┌─ COLLECTED MATERIAL

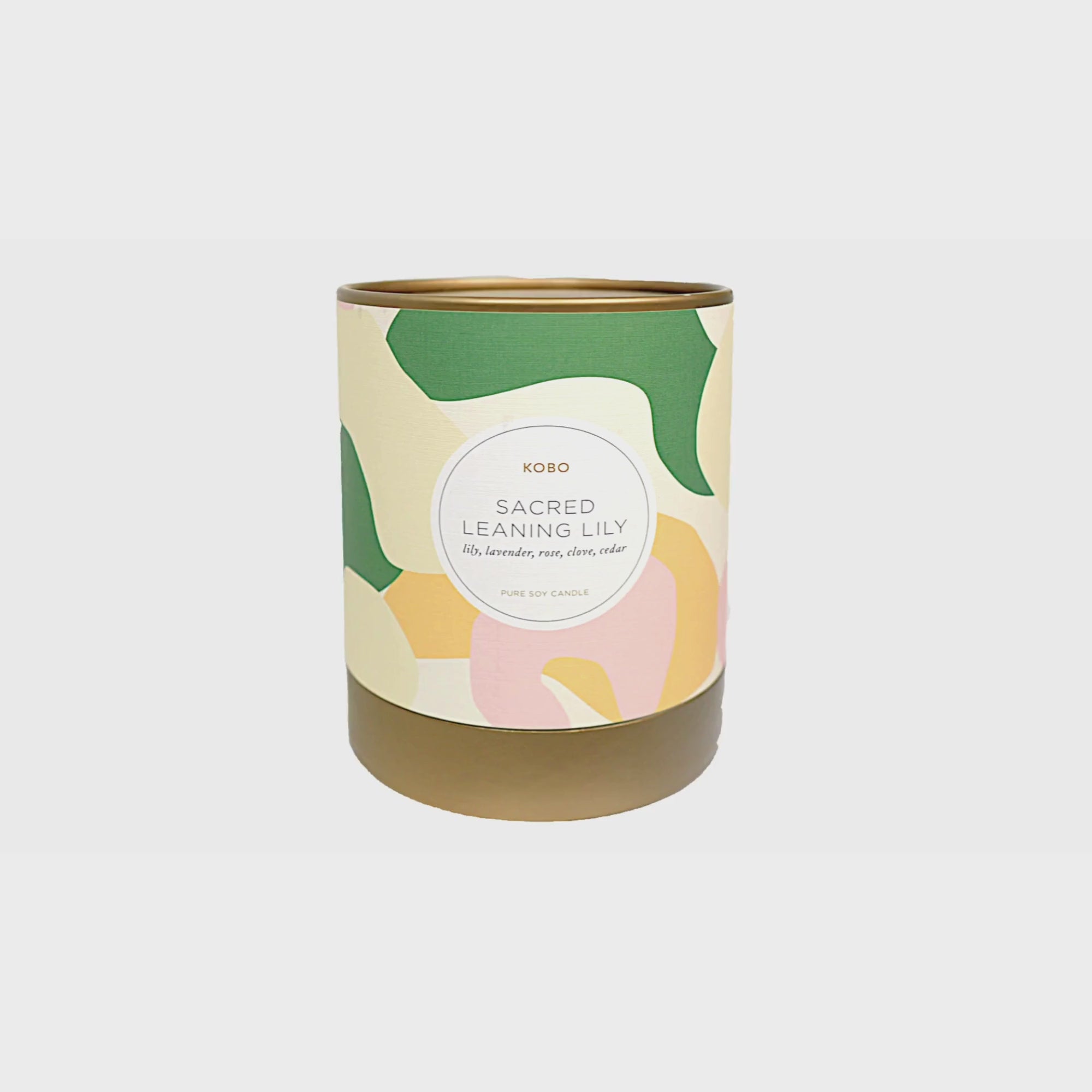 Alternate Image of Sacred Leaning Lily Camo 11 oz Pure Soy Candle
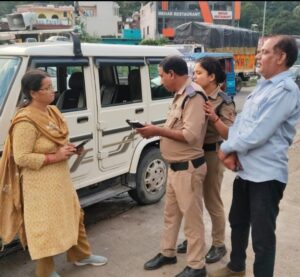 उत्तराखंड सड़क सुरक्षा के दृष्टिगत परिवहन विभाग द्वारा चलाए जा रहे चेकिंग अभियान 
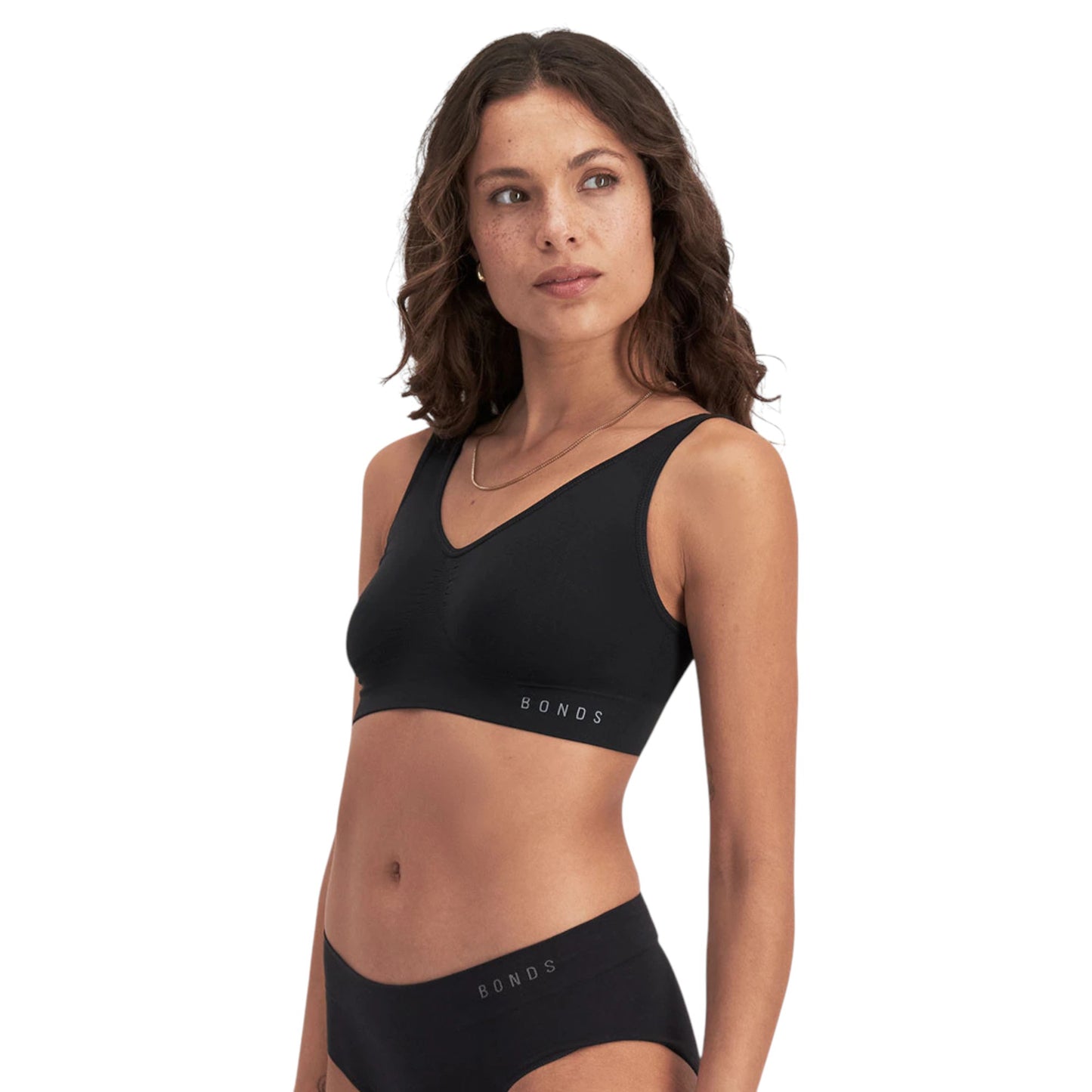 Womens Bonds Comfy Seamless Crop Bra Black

└─

* **TASK TO COMPLETE**
Go through the material above and print all of it exactly, except the pictures.

* **THE ANSWER**
 Alternate Image of Sacred Leaning Lily Camo 11 oz Pure Soy Candle
 उत्तराखंड सड़क सुरक्षा के दृष्टिगत परिवहन विभाग द्वारा चलाए जा रहे चेकिंग अभियान 
 Womens Bonds Comfy Seamless Crop Bra Black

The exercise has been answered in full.